Geospatial analysis can be used to guide the selection of sample spacing or sampling plan design. The first step is to conduct an evaluation of the spatial correlation of existing data using one of the following EDA methods: (1) plot the empirical variogram, covariance function, or correlation function; or (2) plot the h-scatterplot. Consider whether the spatial trend should be subtracted from the data before constructing the plot. From the plot, determine the approximate correlation range of the data, which is the maximum distance over which the data are correlated. Ideally, a sampling plan defines a sample spacing less than the correlation distance between measured values of the quantity of interest.
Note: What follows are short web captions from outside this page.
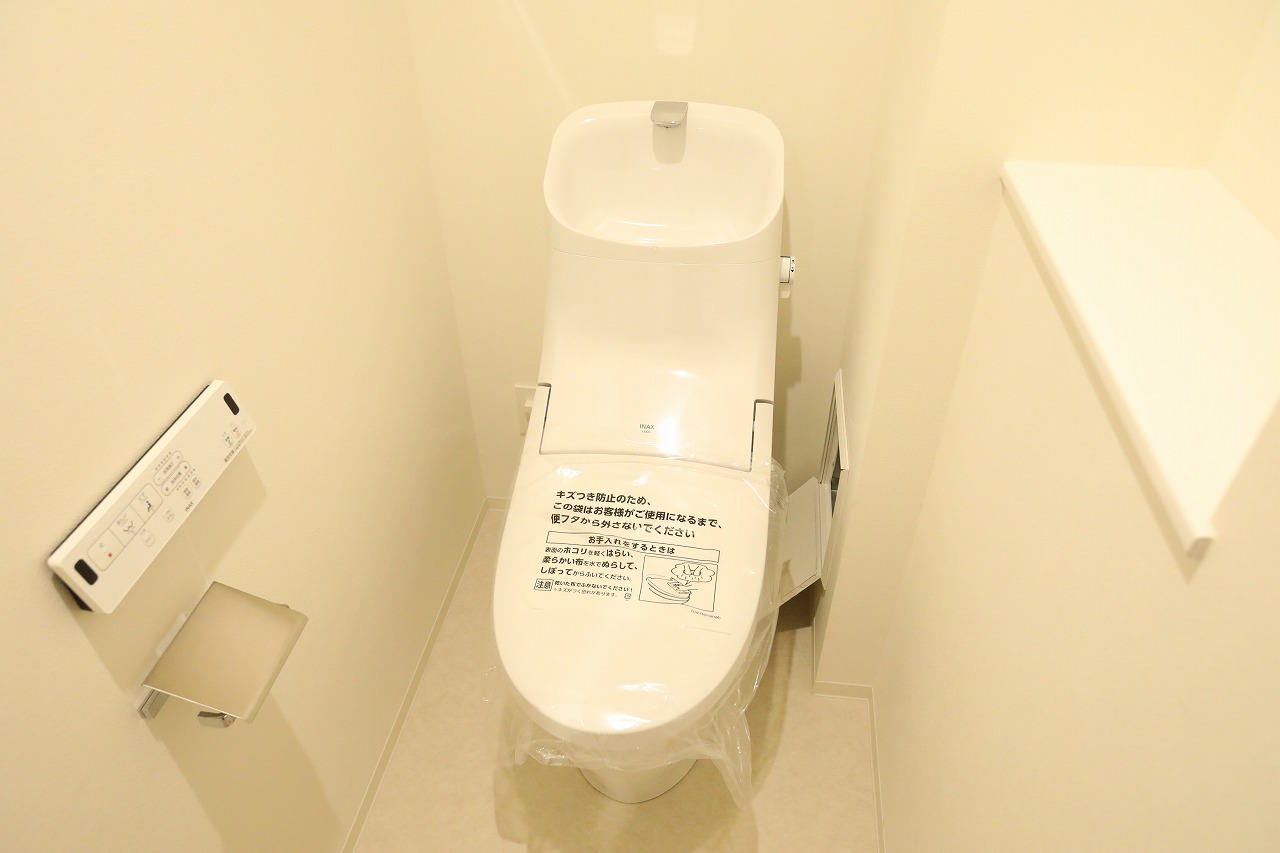 トイレ　トイレ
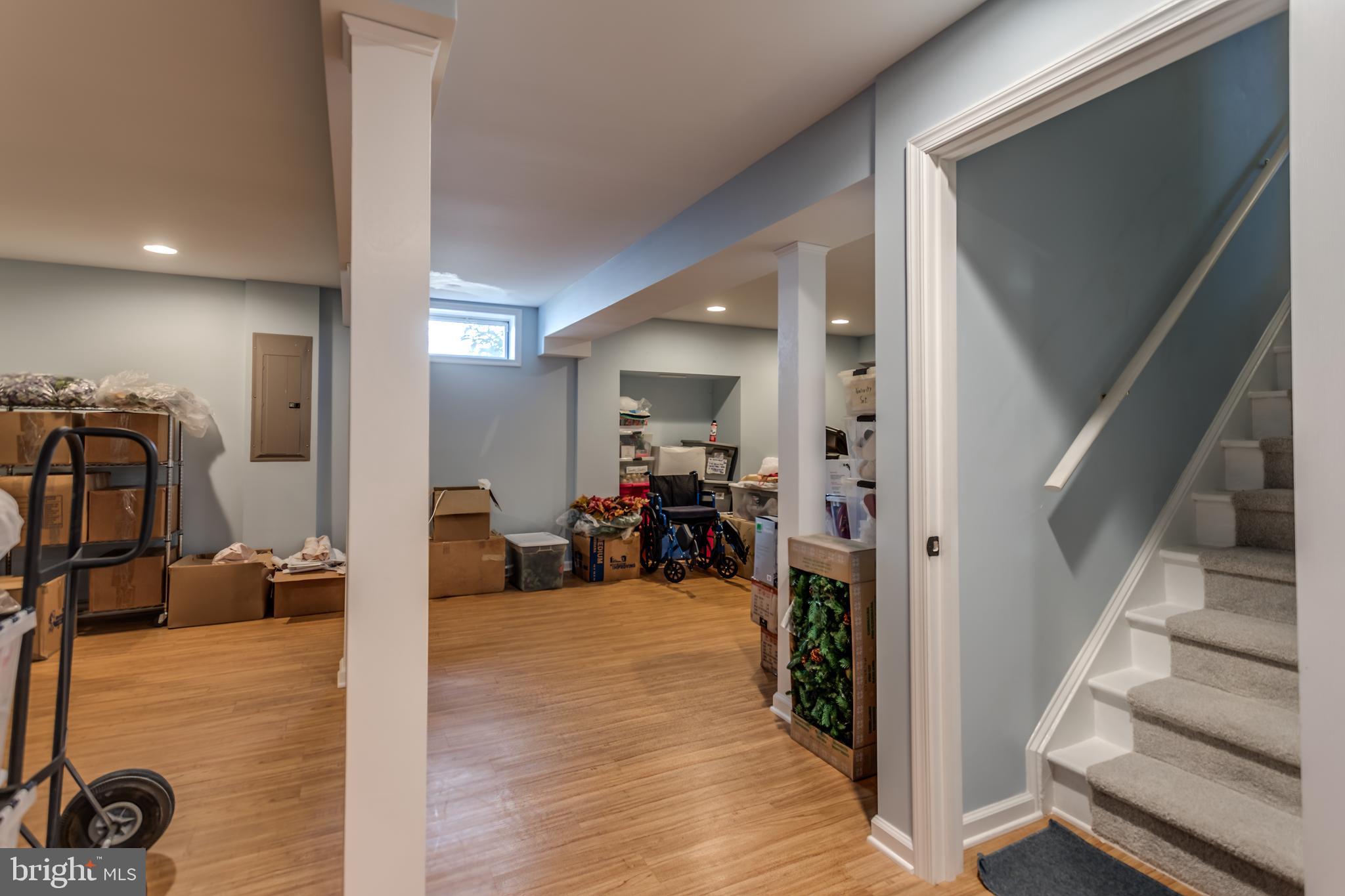 OPEQUON TERRACE - Residential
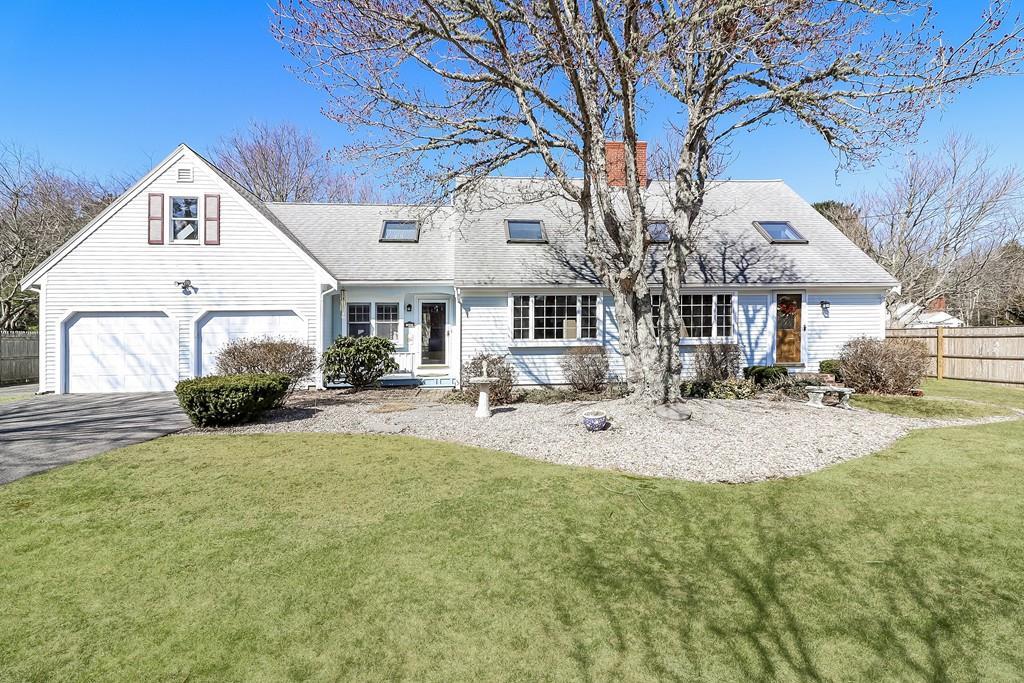 23 Carol Avenue - Photo 1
As a conservative rule of thumb, the sample spacing should be half the range of spatial correlation identified with EDA.
Understanding the Results: ▼Read more
The spatial distance or temporal frequency over which a property exhibits autocorrelation is not always straightforward or generic at project sites. Thus, sampling designs can sometimes over- or under-sample the area of interest. The sampling interval can be best determined using preliminary data sets (if available) and other site-specific information (for example, soil maps, geologic maps, or digital elevation models). The sampling interval in geospatial analyses can help in determining a defensibly adequate number of samples for a sampling program and can be determined using variography.
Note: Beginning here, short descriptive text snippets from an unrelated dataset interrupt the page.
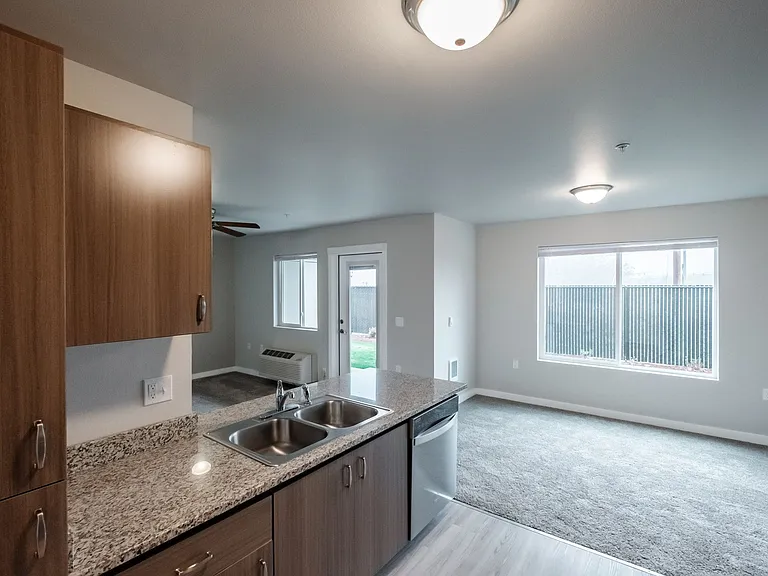 Evergreen Valley Apartments — Photo 9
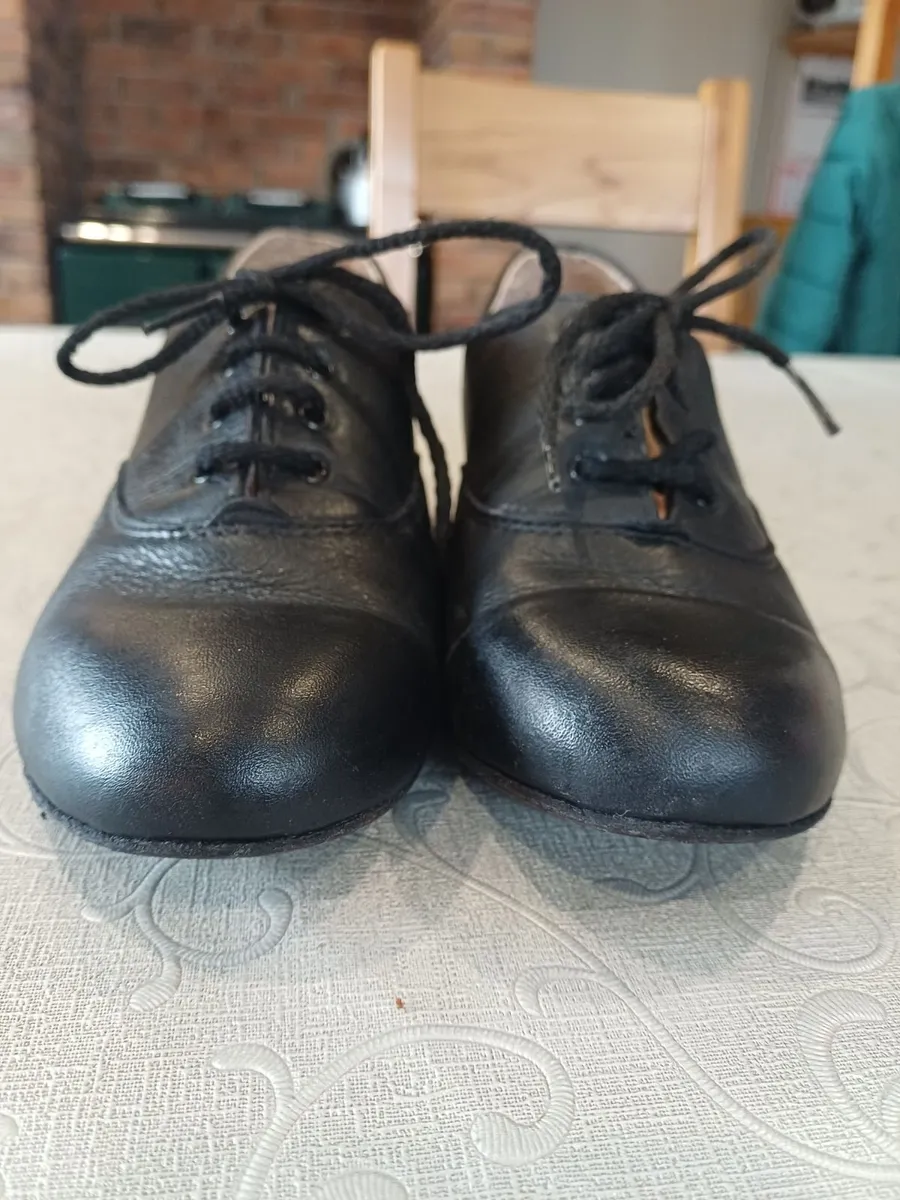 Set Dancing Shoes - Image 1
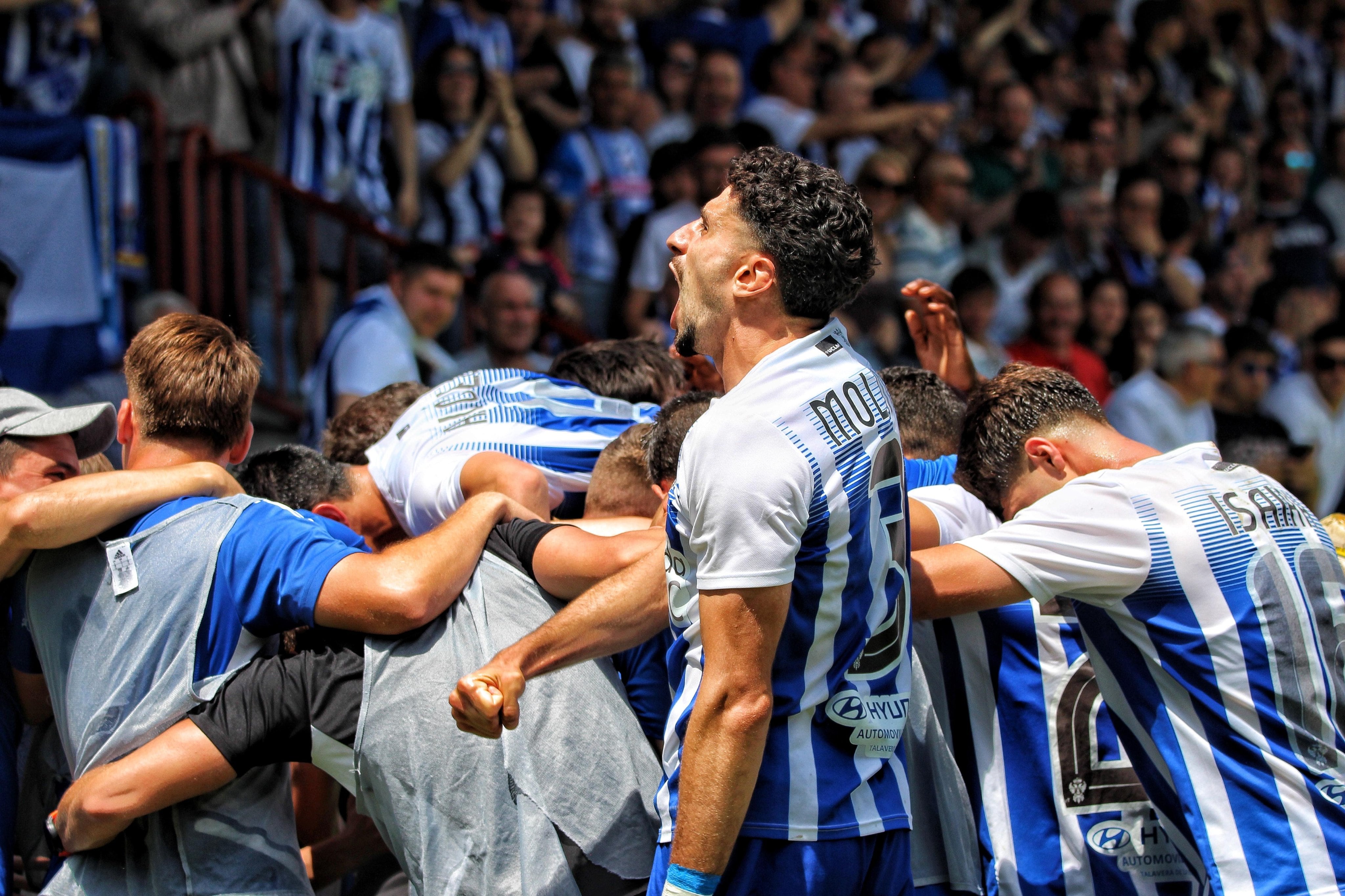 Los jugadores del CF Talavera celebran la victoria ante el Utebo
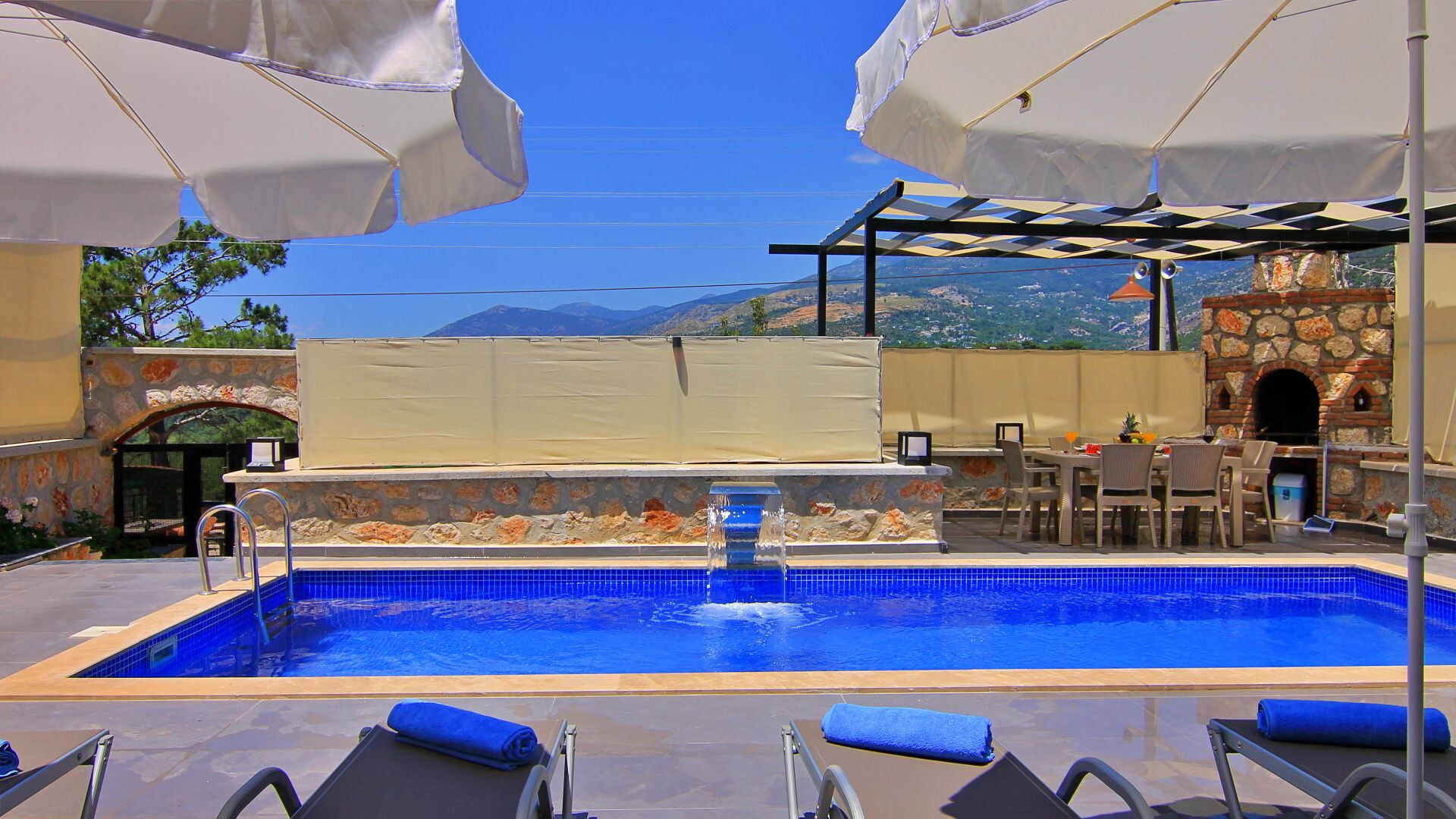 VBK77233 Villa Booking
The sampling design should reflect the natural heterogeneity of the data and how the data are related to precision and representativeness of the locations being sampled. The environments that are sampled can be highly heterogeneous in time or space. Therefore, one discrete sample may not represent a particular location or point in time. This heterogeneity can also make it difficult to characterize the variation of a property or process between sampling locations (autocorrelation) or within a single sampling location (for example, laboratory precision). This difficulty can be addressed by using composite sampling, as described in EPA QA/G-5S (USEPA 2002a), or by calculating the average of multiple samples representative of a single sampling location. If economically feasible, the latter better quantifies the precision of the sampling support to determine whether the it is adequate.
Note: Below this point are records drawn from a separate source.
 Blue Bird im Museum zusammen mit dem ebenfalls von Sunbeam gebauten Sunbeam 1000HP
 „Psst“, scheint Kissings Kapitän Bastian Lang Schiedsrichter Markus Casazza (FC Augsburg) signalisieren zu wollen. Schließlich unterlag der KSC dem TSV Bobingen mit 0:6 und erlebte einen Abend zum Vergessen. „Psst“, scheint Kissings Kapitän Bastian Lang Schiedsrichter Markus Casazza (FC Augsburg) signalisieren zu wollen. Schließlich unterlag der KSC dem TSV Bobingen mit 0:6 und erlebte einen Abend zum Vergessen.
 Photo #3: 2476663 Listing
Because the potential extent of contamination is rarely known at the outset of an environmental project, the sampling extent is often determined by the sampling program results and is not necessarily evident at the start of sampling. Therefore, a sampling program might propose a sampling extent based on a CSM or other site specific information and optimize this extent upon further data generation and evaluation.
Several geostatistical methods (for example, variograms) guidance documents and free software packages (for example, VSP) are available to help estimate the spatial distribution and number of samples needed to build a defensible and representative sampling program. Be aware that software packages and guidance documents that do not take into account autocorrelation often incorrectly estimate the number of samples needed.